We need Weirdos in Academia
Only the fittest survive in a sterile, resource-limited environment. We need niches, spaces to be occupied by disabled folks, eccentric folks, people who lack the desire to focus on obtaining funding.
Anthropologist David Graeber laments:
“Almost any functional society, almost any society which has ever existed, has something which they do with brilliant, imaginative, but extremely impractical people. We don’t know what to do with them anymore. They’re all living in their mothers’ basements saying weird things on the internet, and you can’t tell which are crazy and which actually have something to contribute. You used to put them in academia, but now academia is all about self-marketing.”
“If you want to minimize the possibility of unexpected breakthroughs, take those same people, and then tell them they’re not going to get any resources at all unless they spend the majority of their time competing with one another to prove to you they already know what they’re going to create. Well, that’s the system we have. And it’s incredibly effective in stifling any possibility of innovation.”
Academia needs brilliant, imaginative, but extremely impractical people. Disabled and chronically ill people, who have managed to thrive in spite of surroundings built against them, fit the bill.
Academia is Losing Gifted Minds Academia, despite its emphasis on inclusion, by design excludes students who value their work physical health and emotional wellbeing before their work. It bars students with disabilities, who cannot afford to neglect health or live off a PhD income. Many individual professors are kind and accommodating, but their voices in institutions are checked, and they must bend to the demands of academia.
The decline of young people dedicated to a career of research, ideas, and teaching is a tragedy. The decline of young people entrapped in a career of exploitation, publications, and funding competition is a necessity.
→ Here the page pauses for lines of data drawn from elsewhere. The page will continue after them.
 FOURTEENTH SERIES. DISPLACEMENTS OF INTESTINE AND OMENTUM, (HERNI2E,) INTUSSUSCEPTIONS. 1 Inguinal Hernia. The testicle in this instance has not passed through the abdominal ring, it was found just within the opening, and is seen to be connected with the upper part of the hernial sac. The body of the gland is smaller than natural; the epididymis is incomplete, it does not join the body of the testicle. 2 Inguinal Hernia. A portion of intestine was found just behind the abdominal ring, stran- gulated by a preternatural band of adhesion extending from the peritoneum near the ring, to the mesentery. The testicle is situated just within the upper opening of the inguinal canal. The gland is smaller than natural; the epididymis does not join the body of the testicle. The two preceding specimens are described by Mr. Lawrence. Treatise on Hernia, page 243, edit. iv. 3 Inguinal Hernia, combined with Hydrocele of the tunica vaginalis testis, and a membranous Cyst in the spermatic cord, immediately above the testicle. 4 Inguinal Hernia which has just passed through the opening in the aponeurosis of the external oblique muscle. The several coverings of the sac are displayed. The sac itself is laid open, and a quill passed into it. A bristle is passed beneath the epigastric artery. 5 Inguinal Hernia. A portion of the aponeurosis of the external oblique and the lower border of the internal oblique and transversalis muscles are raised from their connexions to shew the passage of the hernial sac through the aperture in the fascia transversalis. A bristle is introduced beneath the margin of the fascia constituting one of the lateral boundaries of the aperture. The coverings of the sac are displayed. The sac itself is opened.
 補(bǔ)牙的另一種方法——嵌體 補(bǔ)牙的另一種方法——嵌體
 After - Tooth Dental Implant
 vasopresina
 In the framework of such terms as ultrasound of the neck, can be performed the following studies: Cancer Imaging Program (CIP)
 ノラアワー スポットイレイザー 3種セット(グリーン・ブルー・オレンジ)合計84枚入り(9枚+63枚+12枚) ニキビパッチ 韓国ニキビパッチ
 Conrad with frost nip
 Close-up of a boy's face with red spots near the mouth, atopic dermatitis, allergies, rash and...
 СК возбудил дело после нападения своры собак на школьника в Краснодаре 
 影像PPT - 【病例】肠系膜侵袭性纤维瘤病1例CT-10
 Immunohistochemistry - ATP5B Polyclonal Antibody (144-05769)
For academic institutions to enjoy the fruits of innovation, to keep bright minds from flocking to industry, build a 252-orange universe. In the current publishing and funding environment, space for scientists lacking perfect physical health is unlikely to emerge. Institutions, funding agencies, and journals can transform academia to retain diverse, early-career scientists. Steps include increasing compensation and benefits for PhD and postdoctoral students, shifting towards open science, and abandoning scholarly ranking systems. Institutions can support disabled students by offering virtual lab and lecture courses, conducting accessibility audits, and collecting demographic data on disability. Until great changes take place, young people, especially disabled people, will take their imaginative, impractical insights elsewhere. Your loss, academia.